La traducción de Cuentos Negreros, de Marcelino Freire por Armando Escobar Gómez es un gran pretexto para mexicanizar desde el lenguaje un paisaje como el brasileño, acercándolo un poco a la hermeneútica mexicana del espacio y hacia una comprensión de su negritud escondida. Una negritud negada totalmente en un país también racista pero desde otro aspecto, pues las raíces indígenas han sido revaloradas en México después de la independencia de España por un mercado necesitado de materias, territorio y de opciones eróticas, de manera más paternalista. En el Brasil estas raíces fueron expuestas al consumo de un mercado oscuro y abusivo desde la época de la esclavitud.
Escobar G. ocupa los breves relatos de Freire en una coordenada irónica, como lo es casi todo en las letras mexicanas. Con el color negro se nombra a una etnia, lo que también significa reducir algo complejo a lo externo… “negrear” a alguien es subordinarlo en un sadomasoquismo que puede ser económico, sexual, social o cultural.
Un grupo humano al que se le tiñó de negro (porque de negro no tiene nada la piel de los afrodescendientes) quizás para polarizar y poner en un extremo inalcanzable e innombrable, un lenguaje musical del dolor y la aberración, debido a que el lenguaje del Africa hirviente fue sodomizado para sacarle los mejores jugos y preciosidad con el fin de calmar la sed de exotismo. El exotismoque sólo ha sabido ser traducido por algunos pocos amantes y observadores meticulosos de la destrucción de un continente puesto al servicio de Occidente. África, el principio del mundo, ha sido ya casi sin esperanza de darle vuelta atrás al gran vituperio, la mina humana para el oro creativo.

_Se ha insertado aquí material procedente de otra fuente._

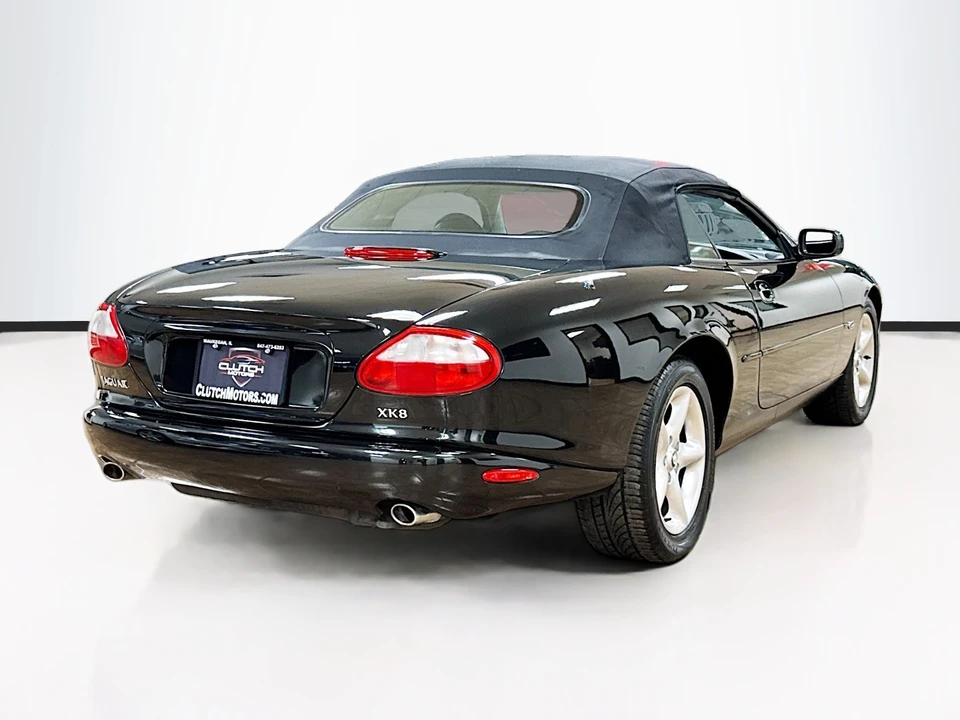 2000 Jaguar X100 XK8 - Image 11 of 21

Marcelino Freire, en 16 cuentos, quince de ellos un grito agudo desde el horizonte de Yemanyá y sólo uno reivindicando el mundo indígena (porque es de otro color), exprime un tubo gástrico con la tonalidad más adolorida y ponzoñosa de la realidad. Esta realidad parece, en sus textos, los paisajes psicoanalíticos de una nación que reproduce esa violencia casi silenciosa y melodiosa contra los más débiles, pero que, desde su inconsciencia e inocencia ante la gran banalidad judeocristiana, limpia con el ritmo sensual de antigua fluidez antropológica que se niega a dirimir sobre sus orígenes y su propia divinidad.
Me impresiona Freire cuando construye en sus imágenes, con lascivia y violencia, el tejemaneje del calvario social de un país que ha puesto a la carne en el escaparate, la ha moldeado de la mejor manera para ser vista y comprada, y ha llenado de contenidos amatorios las terribles iniquidades de la desigualdad y el desequilibrio social, económico y cultural de una vasta tierra que se destripa entre domadores y domados.